How often do we say “OK, I get the picture” when someone is explaining or trying to make a point? There is a lot in that phrase. I believe that often a thousand words can be worthless, yet a picture can be priceless. The picture can be priceless because we are wired to understand patterns and for some communications we can see and understand more from a picture than we can from what we read or hear. Imagine having to get from here to somewhere we’ve never been to and having the choice of listening to directions that may involve twenty or thirty turns and changes, versus written directions, or a map. Say that map also had pictures of what to expect along the way. I’d pick the map.
Visual signals work across all kinds of disciplines and environments. Courses to improve our memory utilize mental pictures as the medium for us to retain important information. TV news has increasing viewership while printed news is disappearing as a media. Visual signals can also transform workplaces and have led to remarkable improvements in performance and communications. A picture is an integrated medium, while written or spoken are linear mediums. With the written and spoken word, we often have to hear the end of the message to fully understand the beginning of the message. That process has a long track record of failing, dependent on writer, medium, environment, and reader to all work precisely well. A picture has a lot more going for it in getting a message across.

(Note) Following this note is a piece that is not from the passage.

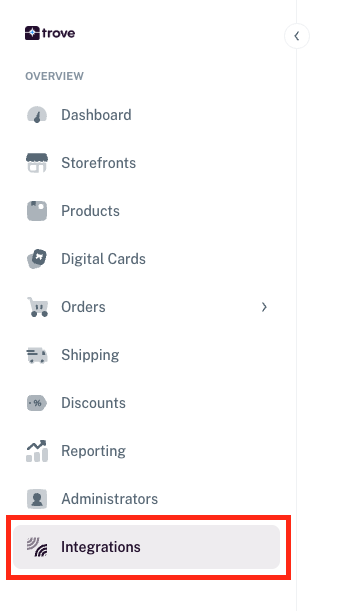 Trove navigation sidebar to Integrations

Something very exciting is happening. Something that is very likely going to save and extend lives, lower personal and societal costs, and will surely stir up some noise. An urgent message that has lived in a very unremarkable background, written in dull language and situated on the sidelines is about to become graphic and taking center stage, in our face, and unavoidable. This message will be impossible to ignore and its intent and meaning will be unambiguous.

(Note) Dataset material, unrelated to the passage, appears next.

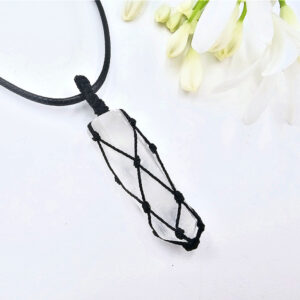 *Selenite Braided Point Necklace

The Food and Drug Administration has taken decisive action to help us get the picture. As part of their program to eliminate some risks to life and health and warn current and potential smokers of the risks they face, they are moving to require very graphic images on cigarette packs, ugly pictures. These images will cover over 50% of the packages and will display the horrific side of death and disease from smoking. The proposed messaging is eye popping and disturbing, unavoidable and engaging. From lung cancer to death, the pictures will be provocative and hopefully evocative, driving an important message home. It will not interfere with free choice, but may well improve the quality of informed choices. They will be tough reminders to current smokers and severe warnings to potential ones.
An interesting tidbit is that years ago, a major cigarette brand displayed a virile cowboy as the image to attract customers. The actor in the photos died emaciated from the ravages of lung cancer. This program may well produce the picture that is worth a thousand lives.
How powerful would a similar strategy be in our workplaces when attacking unsafe behavior, waste, or poor quality?